Oct. 4, 1957
Some 50 scientists from 13 countries, all members of the International Geophysical Year's conference on rockets and satellites, had gathered, along with a handful of journalists, for cocktails that night at the Soviet embassy on Washington's Sixteenth Street. New York Times science reporter Walter Sullivan was called to the phone and told that Moscow had announced that it had put a satellite into orbit. He hurried back and whispered the news in the ear of U.S. physicist Lloyd Berkner, who rapped on the hors d'oeuvre table until the hubbub quieted and dramatically declared to the unknowing and startled group, including the Russians, "A satellite is in orbit at an elevation of 900 km. I wish to congratulate our Soviet colleagues on their achievement."
Washington changed in those next few hours. The U.S., which had assumed scientific pre-eminence, had been beaten in the opening lap of the space race. Before the night was over the Russians had fueled themselves with vodka and stood curbside in front of their embassy, staring into the night sky, singing and cheering.

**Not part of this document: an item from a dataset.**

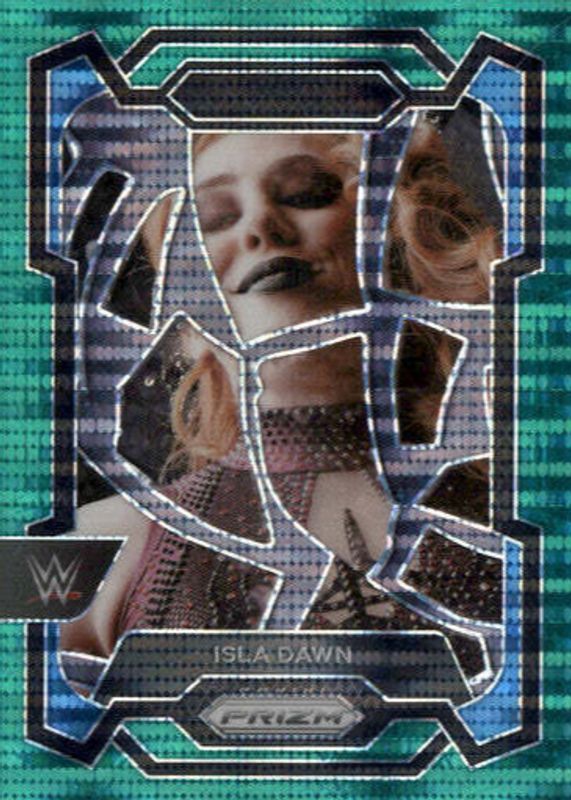 2024 Prizm WWE #194 Green Pulsar /25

I didn't go to bed that night, rushing from the Soviet embassy to Capitol Hill to the White House. Those at the center of the power game knew their lives had changed. At the Naval Research Laboratory, which was in charge of America's entry in the space race, Project Vanguard, the engineers bathed the roof in searchlights so they could adjust their radio dishes to pick up the defiant beep from Sputnik, the 184-lb. intruder that had not only humiliated the U.S. but ratcheted up the cold war. The Soviet rockets obviously were bigger and better than we knew.

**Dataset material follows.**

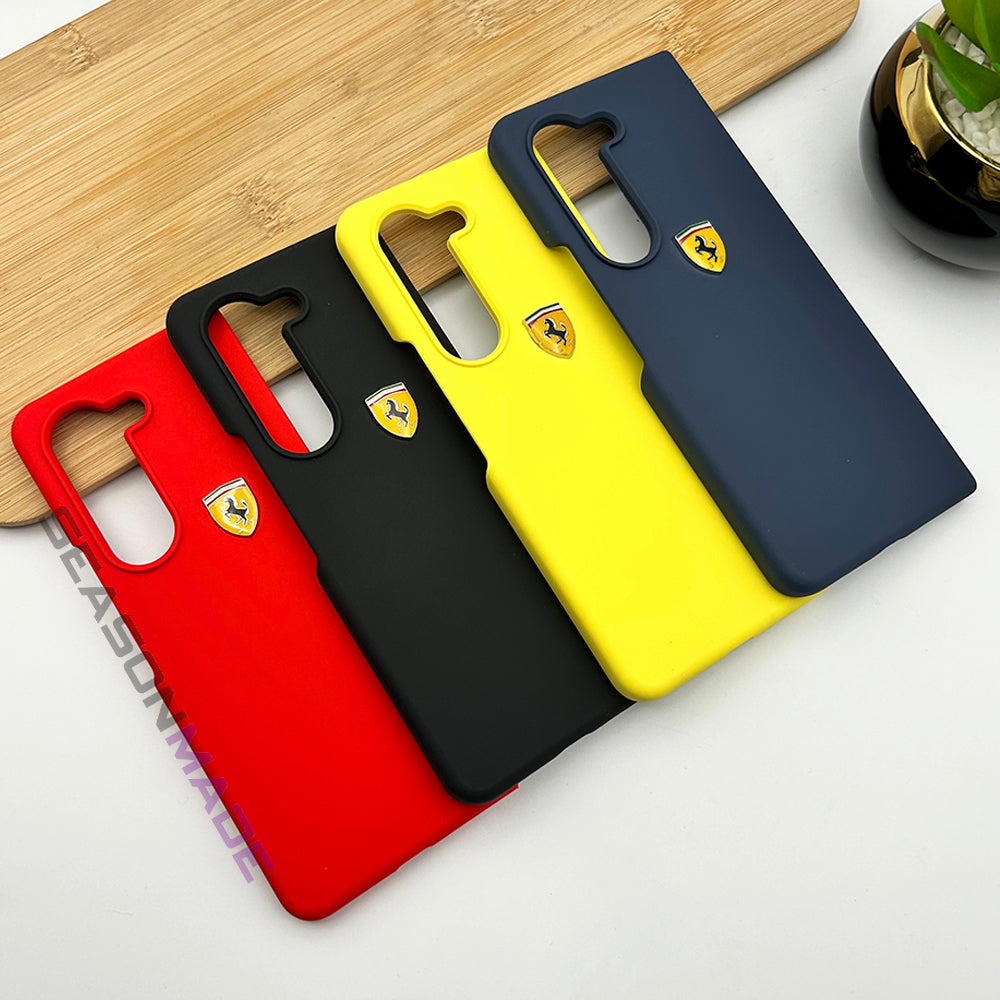 FR Edition Smooth Silk Feel Silicone Case for Samsung Galaxy Z Fold 7 | Sporty Luxury Finish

The White House feigned indifference, and reassured the nation about American scientific prowess. Some of the U.S.'s top scientists, like M.I.T.'s Vannevar Bush, took refuge behind closed doors until they could figure out what to say. Worry seeped through the nation, always uncomfortable with second place. When the U.S. hurried its thin, finely engineered rocket, with a satellite, to the launching pad two months later, Vanguard lurched, buckled and blew up on the ground. The gentle astronomer John Hagen, who headed Project Vanguard, sucked on his ever present pipe and rightly pointed out that U.S. space science was more sophisticated than that of the Soviets. But by then the game had moved beyond pure science.
Two young and driven politicians took notice. Senate majority leader Lyndon Johnson seized the moment of doubt and pushed the U.S. space program forward in Congress. Senator John Kennedy saw space as the next great national adventure, and when he became President four years later, he decided to land Americans on the moon.